Robert Bresson/ France/ 1968/ 78 min

The story of Mouchette is one that defies simple explanation. It’s a pondering on the nature of unkindness, not wholly unlike the more recent The Painted Bird, which sought to similarly depict abject human misery. The nature of the misery in Mouchette is far more mundane, and yet it still manages to plumb depths of domestic cruelty and indifference to the point of abusive absurdity. It’s also certainly an eminently more watchable and comprehendible narrative than the likes of Au Hasard Balthazar or later Robert Bresson works like L’Argent.

In the film, as in the 1937 novel, fourteen year old Mouchette understands little of life other than the alcohol-drenched suffering that seems to come with it. Her father is an abusive alcoholic, who literally drinks up all of her afterschool job’s pay. At home her mother lies in a sickbed, too ill to even care for her own baby. Thus Mouchette is the default caregiver, mother, and skivvy to the entire family household. At school she fares little better, shunned by her classmates for being poor and regularly shamed by her teacher, while local boys tease and hurl abuse at her as she passes. It’s into this setting that the meat of the story takes place, with much of the film’s narrative concerning the night Mouchette becomes embroiled in the love triangle between the local barmaid Louisa, and the town’s rival poacher and gamekeeper.

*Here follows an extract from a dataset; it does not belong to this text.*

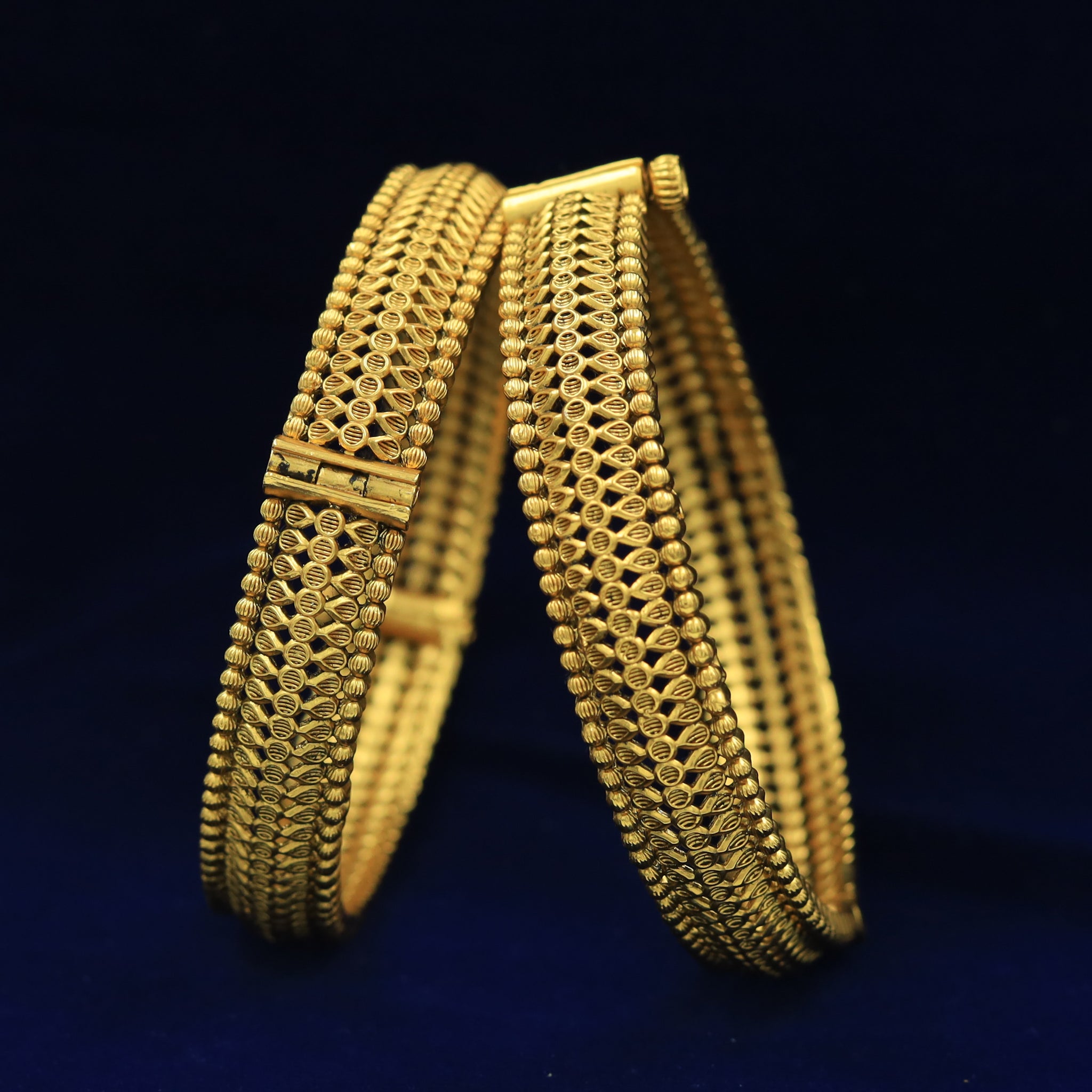 Antique Gold Finish Bangles/Kada 13467-28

Like much of Bresson’s oeuvre, it’s a strange and occasionally inscrutable film. One that relies heavily on the long looks given between the actors, and the uncomfortably long scenes that deliberately come in too early and leave too late. Mouchette manages to feel both realistic and utterly unreal at the same time, a facet helped by the combination of Bresson’s signature coaxing of awkward framing, unnatural line delivery and stories that rely on emotive themes rather than pure narrative. An aspect only accentuated by technical choices and limitations of the time, such as the falsely stage-lit torchlight, or the thick gelatine tears that frequently hang and drip from Mouchette’s cheeks.

Much of the weight of the film’s artistic success is on the shoulders of Nadine Nortier, in her solitary film role; playing well under her own age as the titular schoolgirl. It’s a performance that asks much of her, and she capably manages to capture the sense of confined anger and resentment Mouchette carries. Similarly, it’s the repeated unkindnesses visited upon her, as she is often roughly pushed, and slapped by her father. Indeed the one person to show her kindness at all is an older man on bumper cars, who careens into her, jolting her savagely over and over. And yet it’s one of few moments of rare happiness we see from her, happily accepting a new form of abuse.

Bresson claimed the film was one that defied simple explanation, and he was correct. While the pieces are simple at a glance, they fit together to create a complex whole, which is as unpredictable as it is certain. Possibly the most perfect evocation of his style, and a film that merits close attention, and much afterthought.